Die Ausgangslage ist noch einigermaßen übersichtlich: Die Österreichische Volkspartei (ÖVP) musste bei den Nationalratswahlen im vergangenen Herbst der Freiheitlichen Partei Österreichs (FPÖ) knapp, aber doch Platz eins überlassen mit gut 26 gegenüber fast 29 Prozent. Aus und vorbei war es deshalb mit der Regierung aus ÖVP und Grünen (acht Prozent), die sich ohnehin gegen Ende ihrer Amtszeit immer mehr voneinander entfernt hatten. Also mussten die Karten neu gemischt werden. Die ÖVP käme mit der SPÖ auf eine knappe Mehrheit von nur einem einzigen Mandat, was Regieren im ständigen Alarmzustand bedeutet hätte. Stießen also entweder die Grünen oder die liberale Neugründung hinzu, hätte eine solche Dreierkoalition eine hinreichende Mehrheit im Nationalrat.

Eine Zusammenarbeit mit dem Wahlsieger FPÖ hatten alle Parteien im Wahlkampf kategorisch ausgeschlossen. Bundespräsident Alexander van der Bellen (Grüne) fragte deshalb nach dem Urnengang in persönlichen Gesprächen mit den Parteivorsitzenden von ÖVP, SPÖ, Neos und Grünen ab, ob es dabei bleiben soll. Sie trafen sich noch einmal mit Kickl. Nach viermaligem Ja erteilte er dem bisherigen Bundeskanzler Karl Nehammer (ÖVP) den Auftrag zur Regierungsbildung. Die verbreitete Entrüstung darüber, dass er nicht den Erstplatzierten, eben FPÖ-Parteichef Kickl, vorzog, wird dem Sachverhalt nicht gerecht. Erstens steht darüber nichts in der Verfassung, und zweitens hat die FPÖ selbst anno 2000 an der Seite der ÖVP den Wahlsieger SPÖ ausgebootet.

Auf dem Weg zur "Festung Österreich"

Die Bemühungen von ÖVP, SPÖ und Neos um eine Dreierkoalition scheiterten, kurz darauf auch ein letzter Anlauf von ÖVP und SPÖ. Jetzt greift aber die FPÖ selbst nach dem Kanzleramt. Die Aussichten auf eine Einigung zwischen Blau und Schwarz gelten als gut. Die Konstellation wäre neu in Mittel- und Westeuropa. Wie neu, wird im Programm ersichtlich, mit dem die vom Alleinherrscher Kickl geführte Partei in den Nationalratswahlkampf gezogen ist unter dem Titel "Festung Österreich – Festung der Freiheit". Eine an- und aufregende Lektüre mit den Leitideen: weniger Staat, weniger Sozialstaat, weniger Fremde, weniger wokes Zeug, weniger Europa, weniger Klimaschutz, weniger Belehrungen durch mediale Besserwisserei speziell durch den öffentlich-rechtlichen ORF.

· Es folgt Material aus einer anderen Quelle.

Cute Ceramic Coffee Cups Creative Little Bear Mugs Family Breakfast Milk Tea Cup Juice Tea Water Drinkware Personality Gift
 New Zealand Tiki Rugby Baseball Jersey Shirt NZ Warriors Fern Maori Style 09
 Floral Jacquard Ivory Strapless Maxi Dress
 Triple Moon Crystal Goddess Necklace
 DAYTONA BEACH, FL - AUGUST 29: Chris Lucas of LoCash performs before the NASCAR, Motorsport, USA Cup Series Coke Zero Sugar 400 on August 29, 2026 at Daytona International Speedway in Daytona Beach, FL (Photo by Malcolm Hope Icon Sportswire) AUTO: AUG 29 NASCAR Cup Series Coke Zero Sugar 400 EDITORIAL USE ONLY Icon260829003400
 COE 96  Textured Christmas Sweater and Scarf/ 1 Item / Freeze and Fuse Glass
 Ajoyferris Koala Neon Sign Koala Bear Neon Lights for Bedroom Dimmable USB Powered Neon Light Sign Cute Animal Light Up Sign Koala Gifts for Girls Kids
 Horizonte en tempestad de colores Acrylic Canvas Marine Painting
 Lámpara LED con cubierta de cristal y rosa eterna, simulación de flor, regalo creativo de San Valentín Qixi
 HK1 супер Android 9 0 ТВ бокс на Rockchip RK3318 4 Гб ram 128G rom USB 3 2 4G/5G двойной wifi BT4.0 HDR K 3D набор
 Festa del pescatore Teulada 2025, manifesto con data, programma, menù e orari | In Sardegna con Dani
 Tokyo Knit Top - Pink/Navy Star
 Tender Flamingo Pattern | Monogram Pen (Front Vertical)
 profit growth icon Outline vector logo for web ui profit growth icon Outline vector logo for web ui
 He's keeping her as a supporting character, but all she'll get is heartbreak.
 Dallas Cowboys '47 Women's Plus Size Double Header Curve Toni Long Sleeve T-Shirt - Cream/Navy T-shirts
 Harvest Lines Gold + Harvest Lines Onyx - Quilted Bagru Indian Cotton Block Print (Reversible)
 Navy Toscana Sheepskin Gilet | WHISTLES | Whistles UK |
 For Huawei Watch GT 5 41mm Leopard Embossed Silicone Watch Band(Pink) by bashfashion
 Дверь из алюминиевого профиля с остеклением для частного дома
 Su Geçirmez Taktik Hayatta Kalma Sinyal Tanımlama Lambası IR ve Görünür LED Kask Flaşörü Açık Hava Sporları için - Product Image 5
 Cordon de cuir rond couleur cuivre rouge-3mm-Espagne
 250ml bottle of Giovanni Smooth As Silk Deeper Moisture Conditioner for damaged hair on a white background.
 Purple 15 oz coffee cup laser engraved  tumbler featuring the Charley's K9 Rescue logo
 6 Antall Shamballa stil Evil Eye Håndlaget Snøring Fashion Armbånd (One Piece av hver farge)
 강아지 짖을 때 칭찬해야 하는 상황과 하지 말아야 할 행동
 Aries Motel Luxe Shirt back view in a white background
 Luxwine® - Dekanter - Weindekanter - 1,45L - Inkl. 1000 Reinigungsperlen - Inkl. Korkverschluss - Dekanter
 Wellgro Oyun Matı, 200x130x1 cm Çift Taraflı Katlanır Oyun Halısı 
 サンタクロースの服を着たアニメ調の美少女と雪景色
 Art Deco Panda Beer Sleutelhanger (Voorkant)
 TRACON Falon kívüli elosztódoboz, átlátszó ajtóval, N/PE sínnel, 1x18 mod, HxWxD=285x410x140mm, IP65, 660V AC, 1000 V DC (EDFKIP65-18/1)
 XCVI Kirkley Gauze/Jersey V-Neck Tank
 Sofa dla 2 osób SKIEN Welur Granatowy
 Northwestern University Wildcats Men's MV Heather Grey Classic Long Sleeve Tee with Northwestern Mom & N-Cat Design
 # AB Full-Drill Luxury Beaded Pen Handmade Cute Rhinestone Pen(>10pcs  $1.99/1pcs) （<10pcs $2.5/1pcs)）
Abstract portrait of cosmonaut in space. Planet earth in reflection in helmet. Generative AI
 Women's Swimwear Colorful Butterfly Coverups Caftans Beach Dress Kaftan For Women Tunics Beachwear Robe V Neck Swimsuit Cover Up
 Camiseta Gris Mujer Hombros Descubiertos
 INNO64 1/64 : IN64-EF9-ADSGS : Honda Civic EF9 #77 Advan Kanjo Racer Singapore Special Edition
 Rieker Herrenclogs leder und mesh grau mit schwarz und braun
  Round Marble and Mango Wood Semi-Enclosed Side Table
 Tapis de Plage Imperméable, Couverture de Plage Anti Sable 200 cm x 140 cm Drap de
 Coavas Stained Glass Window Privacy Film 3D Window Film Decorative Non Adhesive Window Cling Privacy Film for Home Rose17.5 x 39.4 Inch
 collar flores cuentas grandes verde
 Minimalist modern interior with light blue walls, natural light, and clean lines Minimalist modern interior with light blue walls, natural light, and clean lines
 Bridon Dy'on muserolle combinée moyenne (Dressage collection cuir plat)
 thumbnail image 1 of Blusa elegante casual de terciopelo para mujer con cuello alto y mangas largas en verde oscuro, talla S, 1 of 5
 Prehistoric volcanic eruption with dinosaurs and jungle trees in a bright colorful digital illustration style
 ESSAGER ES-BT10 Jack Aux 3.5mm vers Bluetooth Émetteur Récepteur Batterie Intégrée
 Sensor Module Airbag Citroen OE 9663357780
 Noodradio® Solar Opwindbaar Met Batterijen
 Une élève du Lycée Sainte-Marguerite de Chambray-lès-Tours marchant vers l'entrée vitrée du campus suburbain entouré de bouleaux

Die sogenannten "Freiheitlichen" vertreten einen rabiaten Neoliberalismus. Begriffe wie Etat oder Haushalt kommen im Programm nicht vor, dafür aber die absurde Idee, in der Verfassung "analog zum jüngsten Urteil des italienischen Verfassungsgerichts" festzuschreiben, dass es nur zwei Geschlechter gibt, "weil auf der Zweigeschlechtlichkeit das gesamte Rechts- und Gesellschaftssystem aufgebaut ist". Sämtliche internationalen Verträge sollen zur Disposition stehen, verlangt wird die Einrichtung eines "Fremden-Schnellgerichtshofs" sowie der Ausstieg aus dem Europäischen Asylsystem, aus der CO2-Bepreisung und dem "ideologischen Klimaschutz". Und so weiter und so fort.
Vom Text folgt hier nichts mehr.